Energy harvested directly from sunlight offers a desirable approach toward fulfilling the global need for clean energy. In photosynthesis, the energy of photons is used to drive the reduction of carbon dioxide to a variety of higher energy products. This reaction is biologically important because it allows for storing of the solar energy in the form of chemical energy, which can be released later in the process of respiration. Collecting and storing solar energy in chemical bonds, as nature accomplishes through photosynthesis, is a highly appealing strategy to solving the energy challenge. The two reactions considered most often in the context of artificial photosynthesis are the reduction of carbon dioxide and water. Carbon dioxide has received attention as an abundant, economical, and renewable C1 feedstock. The catalytic conversion of carbon dioxide to liquid fuels would positively impact the global CO2 balance.
Our research will focus on the design, synthesis, and study of inorganic materials for applications to solar energy conversion. Nature uses metalloproteins to perform difficult reactions, such as the reduction of carbon dioxide or water, near the thermodynamic potential and with high turnover frequencies. With inspiration from the biological systems, we will develop synthetic homogeneous catalysts that involve hydrogen bonding networks or hetero-bimetallic species capable of small molecule activation, and multiple proton and electron transfers. These synthetic systems will be employed for the reduction of carbon dioxide. Our program will also focus on the development of catalytic surfaces that will support homogeneous and heterogeneous catalysts for the activation of small molecules, such as water or carbon dioxide.
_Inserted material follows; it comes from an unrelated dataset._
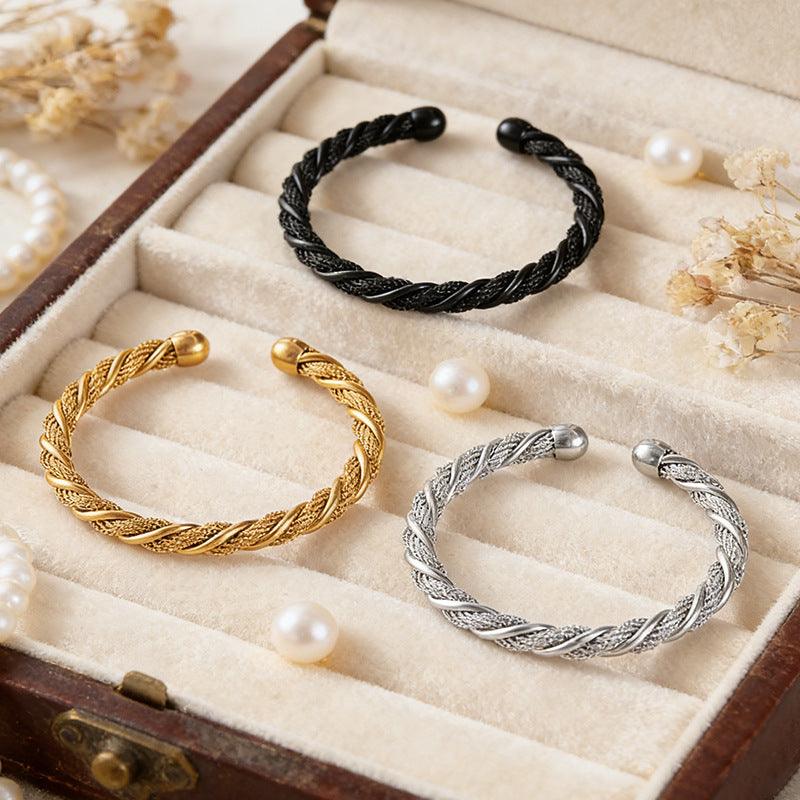 Women's & Men's Fashion Personality Retro Titanium Woven Open Round Bracelets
Researchers in the Marinescu group will become experts in the synthesis and characterization of organic and inorganic species. Glove-boxes and Schlenk-lines will be routinely utilized for the synthesis and handling of air- and moisture-sensitive compounds. The characterization tools for the prepared complexes include NMR, IR, EPR, and UV-VIS spectroscopy and X-ray crystallography. The redox properties and catalytic activity of these species will be investigated by electrochemistry. The new electrode materials generated will be characterized by a variety of surface characterization techniques including SEM, TEM, XPS, and AFM.
The novel metal complexes and materials synthesized in the Marinescu group are expected to provide solutions to challenges related to solar energy conversion.